Tuesday, December 12, 2006

NASA: New Permanent Moon Base Coming Soon!

According to this article, NASA plans to build a new permanent base on the Moon (of Earth) by 2024.

Having read Ben Bova's fantastic 1998 novel _Moonwar_, as well as its sequels and every other book related to it... I think this is a fantastic idea. As Bova lays out in his science-fiction scenario, nanotech is essentially banned on Earth due to a confluence of environmentalists and fundamentalists who are afraid of it for very different reasons. As a result, the Moon is the only legal place for nanotech research to continue, and as a result, the economy on the Moon flourishes. To the point that it declares independence from the Earth and becomes its own country/independent political entity. It is able to do so because it becomes mostly self-sufficient, and only needs to import mostly non-essential items from Earth.

So, the common complaint about science fiction is that, well, it's fiction. This presumes that it is not likely to become reality.

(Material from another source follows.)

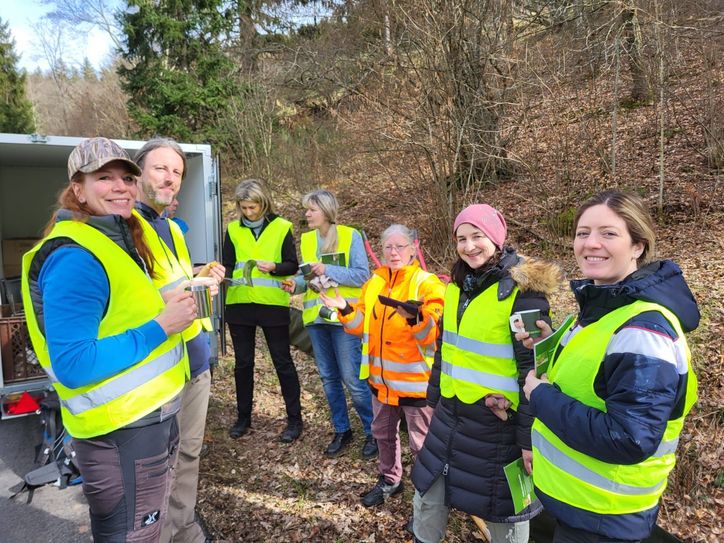 Das Team beim Zaunbau an der Wildenburg, Helfer sind immer willkommen.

However, the very name "science fiction" involves some rooting in reality. And I think that the common theme, as we move deeper into the 21st century and continue to experience technological innovation, is that of science fiction becoming science fact. And sometimes, political and social fact, to the extent that science fiction has often been used as a vehicle for social and political analysis (just about as often as it has been used as a vehicle for the proposal of future technological innovations, actually).

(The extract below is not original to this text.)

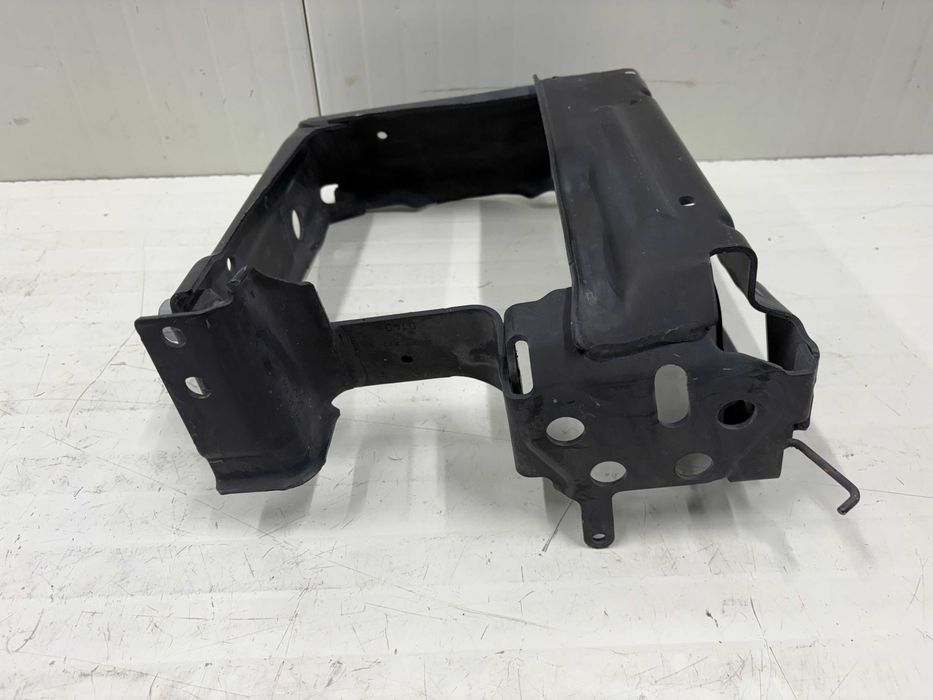 Дясна усилка броня Дясна стойка радиатор БМВ Г42 Г20 Г22 Г23 Г26 US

So, I hereby raise a toast to our future moon base. And after that, the independent nation of Luna.



Tony said...

I see you're a fan of Heinlein :)

The one thing that's dissuaded me from being a supporter of building a moonbase is that there doesn't seem to be a source of energy on the moon. Do you something I don't?

Garlynn Woodsong said...

Why not solar power? I think the moonbase would likely *not* be located on the dark side of the moon.

Also, fuel cells seem to be seen by many as the most viable option when solar can't deliver enough.

Surely, the reasoning goes, as the most common element in the universe, there must be some indegenous hydrogen somewhere on the moon. The trick is to extract it & refine it for use in fuel cells -- whose output would be pure drinking water, incidentally.

Tony said...

Fuel cells great for energy storage but they're not a source of energy. If we had a way of extracting hydrogen easily and cheaply then that would work but we don't have any leads on that yet.

Solar power is feasible but it's still too expensive and inefficient to be a viable option yet. Perhaps one day that will change though.

Anonymous said...

Where did you find that second picture?